The robot is based on the Open_Duck_Mini project, an open-source initiative hosted on GitHub that lets anyone with a 3D printer and roughly $400 in parts build their own miniature version of Disney’s BDX Droid. Google paired this hardware platform with Gemma 4 to show what local AI inference looks like when it walks around on two legs.

What Gemma 4 actually does here

Gemma 4, launched on April 2, 2026, is Google’s latest family of open-weight AI models. The model weights are freely available for anyone to download, modify, and deploy, all under a full Apache 2.0 license. That’s a first for the Gemma series.

The model family supports multimodal inputs, meaning it can process text, images, and other data types simultaneously. Context windows range from 128K to 250K tokens depending on the model variant.

Several optimized sizes ship within the Gemma 4 lineup, specifically designed to run on phones, laptops, and edge hardware.

At the I/O demo, attendees could interact with the Open Duck robot live through the Gemma Playground. Google also made the 3D-printable files available for download, essentially handing visitors the blueprint to replicate the entire project at home.

The Open_Duck_Mini project

The robot itself predates Google’s involvement. Open_Duck_Mini is a community-driven, open-source GitHub project that set out to create a miniature walking robot modeled after Disney’s BDX Droid.
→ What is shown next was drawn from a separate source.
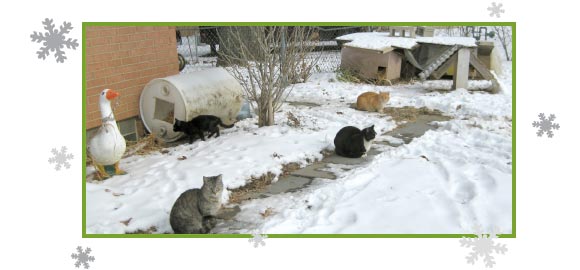 Picture of a feral cat colony in the snow.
The bill of materials comes in under $400.

Google’s contribution was layering Gemma 4’s on-device AI capabilities onto this existing hardware. The result is a robot that can perform what Google calls “agentic tasks,” essentially autonomous decision-making and interaction, without phoning home to a data center for every inference.

Why local AI matters more than a cute robot

The Apache 2.0 licensing is significant. Previous Gemma releases carried more restrictive terms. Full Apache 2.0 means commercial use, modification, and redistribution are all on the table without Google’s permission.

Google releasing Gemma 4 with multiple size variants optimized for edge devices, combined with a robot platform with a bill of materials under $400 running multimodal AI locally, is a proof of concept for deployments where cloud connectivity isn’t guaranteed or desirable.